# Help "Correct" Spaghetti Sauce



## dickf1940 (Apr 13, 2011)

I have a strong Green Pepper taste in the spegetti sauce and I was wondering if anyone had an idea of how to counter the Green Pepper taste to bring it down.


----------



## buckytom (Apr 13, 2011)

don't fight it. flour and brown some fatty veal cubes (aka stew veal), then make veal and peppers.

otherwise, add more tomatoes and tomato paste.


----------



## dickf1940 (Apr 14, 2011)

*correcting sauce*

Thanks for the info.


----------



## Midnight_Merlot (Apr 14, 2011)

1940...may I simply suggest stuffed peppers to satisify(SP)for the need for a ful-flavored pepper dish. Yummys all around if done right! Green peppers are one of the foods that I have found that either people like them - or they hate them. Some seem to be on a "wobbly fence" to be sure some days! GAH!!! Luck to you -let us know how it "goes" either way!! I think that your combo sounds delisch!!!


----------



## CraigC (Apr 14, 2011)

Midnight_Merlot said:


> 1940...may I simply suggest stuffed peppers to satisify(SP)for the need for a ful-flavored pepper dish. Yummys all around if done right! Green peppers are one of the foods that I have found that either people like them - or they hate them. Some seem to be on a "wobbly fence" to be sure some days! GAH!!! Luck to you -let us know how it "goes" either way!! I think that your combo sounds delisch!!!


 
I think the OP is saying they want to get away from the heavy green pepper flavor.

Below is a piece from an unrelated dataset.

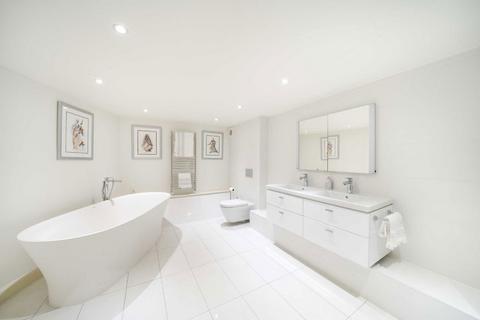 61 Bathurst Mews, London, W2 2SB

I don't use green peppers for Italian. I don't use any fresh peppers for my Italian sauces. When an Italian dish calls for peppers, I use red, yellow or orange. Maybe a combination of the three. To us they simply have a much better flaovor than the greens.

Craig


----------



## Rocklobster (Apr 14, 2011)

I think it is too late, I'm afraid. You would need to add something else that would overpower the pepper taste. You can't really de flavor a dish but you can mask some flavor by adding other stuff.


----------



## Josie1945 (Apr 14, 2011)

Welcome to DC.

Josie


----------



## jennyema (Apr 14, 2011)

So you've made sauce and it has too much green pepper flavor in it?

Make a half batch more without any peppers and combine them.

That's really the only way to go.


----------



## sparrowgrass (Apr 15, 2011)

Or just pack it up and send it to me.  I love green peppers.


----------



## PattY1 (Apr 15, 2011)

dickf1940 said:


> I have a strong Green Pepper taste in the spegetti sauce and I was wondering if anyone had an idea of how to counter the Green Pepper taste to bring it down.




Leave them out next time.


----------



## Claire (Apr 16, 2011)

The next time you make the sauce, buy red or yellow peppers and roast them first.  It sounds like a lot of trouble, but you can freeze them and just use a slice or two in your sauces.


----------